One gold, four silver, and seven bronze medals were awarded. The three physics students competed against 24 other teams from around the world. Only one other team from the United States received a medal.
The three team members were given the choice between two questions. They had 48 hours to produce an answer in the form of a publication-ready research paper. They were not allowed to use any living sources to answer the question. The team used many different methods to come up with the solution, including computer models of hypothetical situations.
“They were literally going at it off-the-cuff and using the knowledge they gained. I was really proud of them. They were handed a completely open-ended problem,” said Juan Cabanela, associate physics and astronomy professor and society of physics students adviser.
“Shouvik told me about the competition since he had participated the previous year,” Karki said. “We were teammates in the Mathematical Contest of Modelling, so we decided to give a shot to the Physics University Competition as well.”
All three students volunteered to compete. Both McLinn and Bhattacharga participated in the competition last year. They chose this competition because they wanted to compete against students from around the world and test their physics knowledge.
“These kinds of competitions increase our knowledge, credentials, competence and ability to solve problems. These qualities are useful for future jobs and more generally, in our everyday lives,” Bhattacharya said.
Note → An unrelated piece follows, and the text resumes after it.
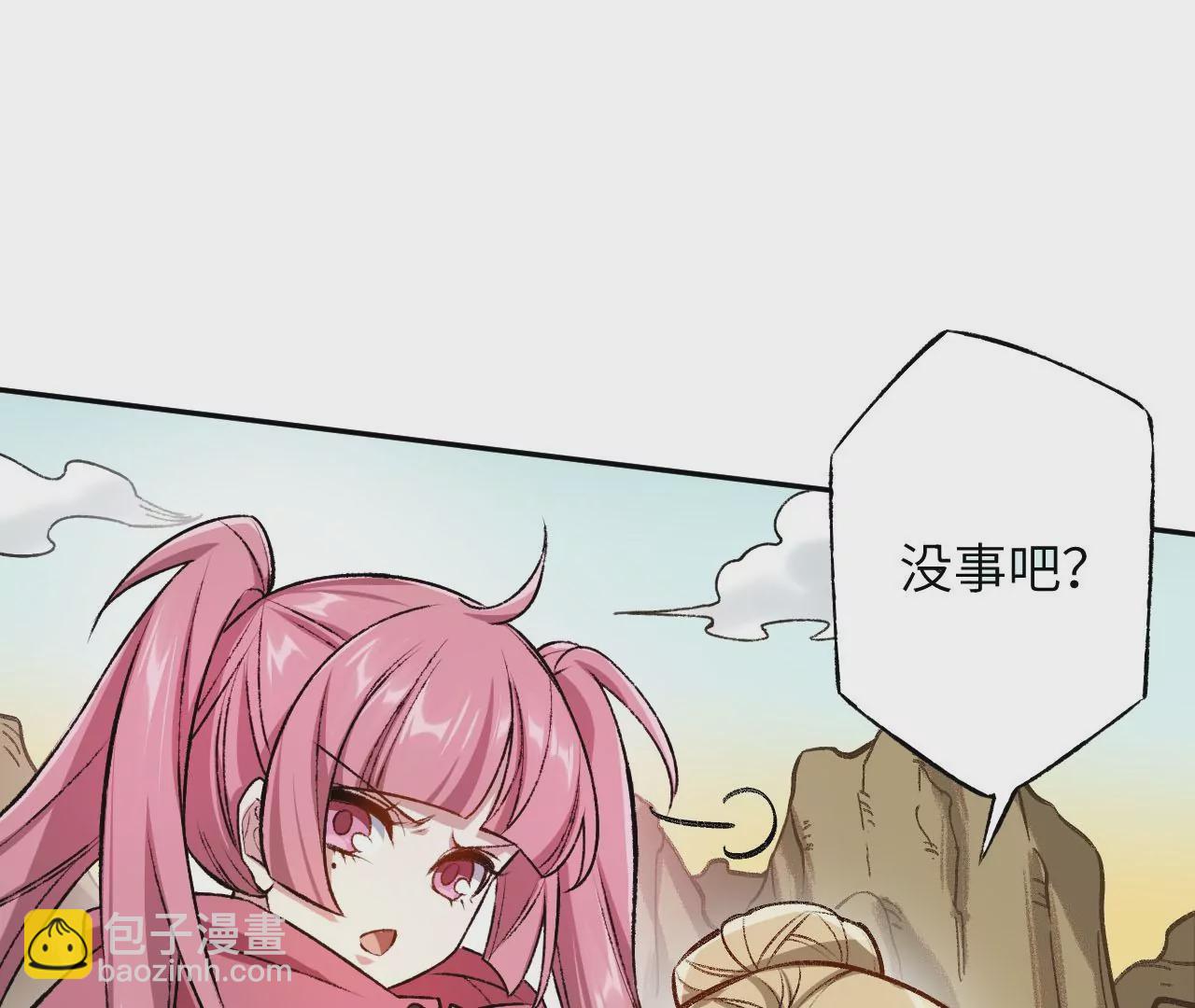 暗海紀元 - 第六十二話：啓程(2/4) - 4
The two questions were posted on the competition website. The questions are meant to pose real world problems and allow students to think the way scientists do in real life.
“These are bright students. They are gung-ho and excited. They should be proud of what they accomplished,” Cabanela said.
The Society of Physics Students are planning a physics show in February. They are busy getting ready to host the Regional Physics Club meeting. Club members from Minnesota, Iowa, North Dakota, South Dakota and Nebraska will be invited to the two-day gathering in March.